Two weeks ago on 3rd November I wrote here after signing this petition which has the title “Hold a public inquiry into Government contracts granted during Covid-19”. It was authored by a chap called Christopher Humphris who set it out as a very short, clear and uncomplicated document. The rest of the text was “There should be a public inquiry into Government contracts granted during Covid-19. Many contracts have been granted without full and open procurement processes. A public inquiry would be able to ascertain whether contracts had been procured fairly and represent value for money for tax payers.” He started it at the beginning of October and after around 2 weeks (by the 16th October) it had gained 10,000 signatures which demanded a response from the Government. When I spotted it and signed it two weeks later, it had nearly 80,000 signatures and today it has reached 111,000 signatures. The petition reached 100k on 11th November and that is the point at which Parliament can consider holding a debate on the subject so we can expect a response in due course. In terms of the Government response, the Cabinet Office which is led by Boris Johnson finally got off its fence late on the 11th November and sent a response which completely ignored the very brief request from the petition. In one sense that was not a shock, but what was very encouraging was that late last night the petitions team that is part of the UK Government and Parliament published a response which was very clear.

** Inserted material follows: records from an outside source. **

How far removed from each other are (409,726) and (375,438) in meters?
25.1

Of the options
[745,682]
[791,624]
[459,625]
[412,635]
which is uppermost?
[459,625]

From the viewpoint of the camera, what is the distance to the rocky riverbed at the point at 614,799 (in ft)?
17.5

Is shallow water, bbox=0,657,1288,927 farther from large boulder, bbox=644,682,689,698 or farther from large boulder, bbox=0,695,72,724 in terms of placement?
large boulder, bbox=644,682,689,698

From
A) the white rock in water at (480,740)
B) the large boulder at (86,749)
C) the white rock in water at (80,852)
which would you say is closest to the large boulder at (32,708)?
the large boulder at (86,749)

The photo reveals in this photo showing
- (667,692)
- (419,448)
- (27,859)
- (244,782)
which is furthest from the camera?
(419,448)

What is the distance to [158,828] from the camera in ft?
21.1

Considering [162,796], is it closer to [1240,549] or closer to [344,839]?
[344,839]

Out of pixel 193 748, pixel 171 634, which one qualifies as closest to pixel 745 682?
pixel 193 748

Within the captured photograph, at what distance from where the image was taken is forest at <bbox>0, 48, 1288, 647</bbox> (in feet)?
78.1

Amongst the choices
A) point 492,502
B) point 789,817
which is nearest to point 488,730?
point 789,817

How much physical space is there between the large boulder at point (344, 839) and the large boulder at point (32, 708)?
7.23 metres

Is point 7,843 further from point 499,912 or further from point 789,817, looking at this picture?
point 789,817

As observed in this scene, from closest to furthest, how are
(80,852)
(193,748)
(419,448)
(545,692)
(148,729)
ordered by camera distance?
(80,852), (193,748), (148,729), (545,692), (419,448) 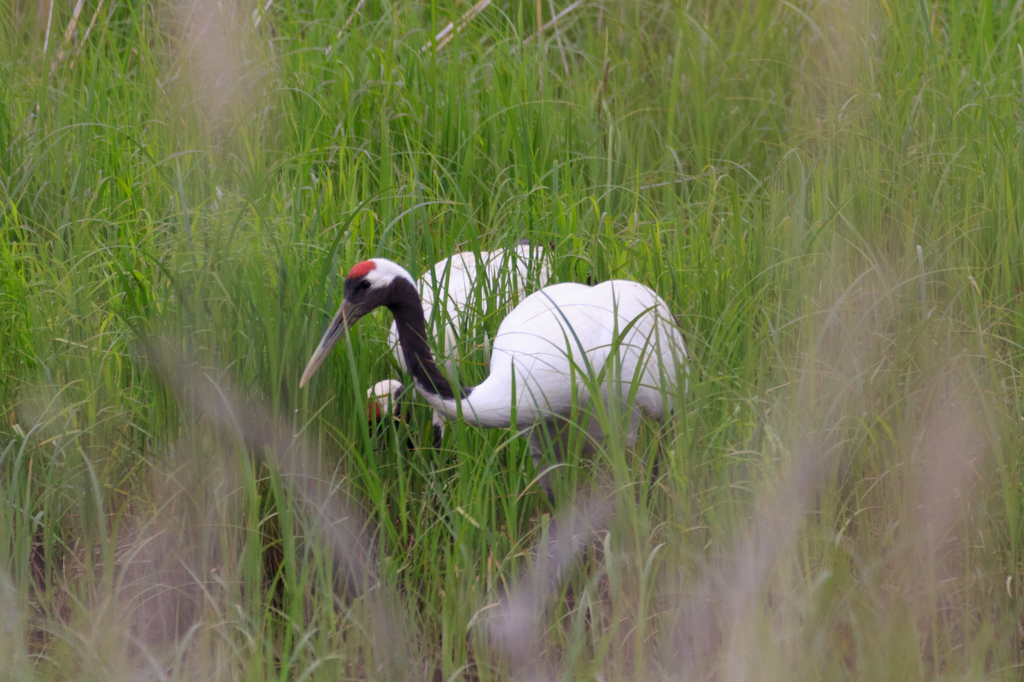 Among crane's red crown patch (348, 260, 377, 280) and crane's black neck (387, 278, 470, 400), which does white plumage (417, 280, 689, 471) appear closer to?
crane's black neck (387, 278, 470, 400)

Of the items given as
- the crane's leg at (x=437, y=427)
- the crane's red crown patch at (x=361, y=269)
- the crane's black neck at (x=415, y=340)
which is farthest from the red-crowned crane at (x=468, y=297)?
the crane's red crown patch at (x=361, y=269)

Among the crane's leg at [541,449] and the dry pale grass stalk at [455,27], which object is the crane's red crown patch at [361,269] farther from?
the dry pale grass stalk at [455,27]

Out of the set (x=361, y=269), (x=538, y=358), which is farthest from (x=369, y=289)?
(x=538, y=358)

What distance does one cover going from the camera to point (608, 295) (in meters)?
2.77

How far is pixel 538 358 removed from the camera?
250cm

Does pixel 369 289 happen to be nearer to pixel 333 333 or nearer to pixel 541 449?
pixel 333 333

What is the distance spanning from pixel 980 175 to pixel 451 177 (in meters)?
1.69

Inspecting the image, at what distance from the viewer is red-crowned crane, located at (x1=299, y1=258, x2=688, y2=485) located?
2.38m

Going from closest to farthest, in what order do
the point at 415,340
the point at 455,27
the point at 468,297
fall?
the point at 415,340
the point at 468,297
the point at 455,27

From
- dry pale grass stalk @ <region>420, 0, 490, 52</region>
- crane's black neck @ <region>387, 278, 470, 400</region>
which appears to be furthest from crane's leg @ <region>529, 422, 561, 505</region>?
dry pale grass stalk @ <region>420, 0, 490, 52</region>

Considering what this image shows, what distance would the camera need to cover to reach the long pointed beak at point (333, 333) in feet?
7.39

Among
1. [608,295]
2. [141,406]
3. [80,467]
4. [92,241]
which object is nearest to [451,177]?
[608,295]

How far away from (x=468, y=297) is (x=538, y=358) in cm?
47

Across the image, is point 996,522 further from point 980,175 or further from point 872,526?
point 980,175
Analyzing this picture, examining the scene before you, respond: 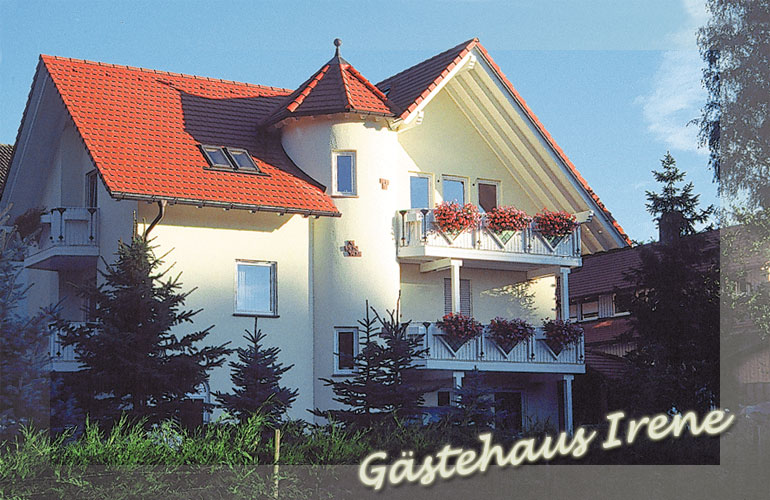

Dear Ian Chisnall, You recently signed the petition “Hold a public inquiry into Government contracts granted during Covid-19”. The Petitions Committee (the group of MPs who oversee the petitions system) have considered the Government’s response to this petition. They felt that the response did not directly address the request of petition and have therefore written back to the Government to ask them to provide a revised response. When the Committee have received a revised response from the Government, this will be published on the website and you will receive an email. Thanks,
This is very encouraging and it is about time that Parliament stands up and challenges the Government for their responses that all too often ignore what we are asking for. The initial response from the Government is below:
The National Audit Office, the public spending watchdog, is currently looking into Government procurement activity during the COVID-19 pandemic.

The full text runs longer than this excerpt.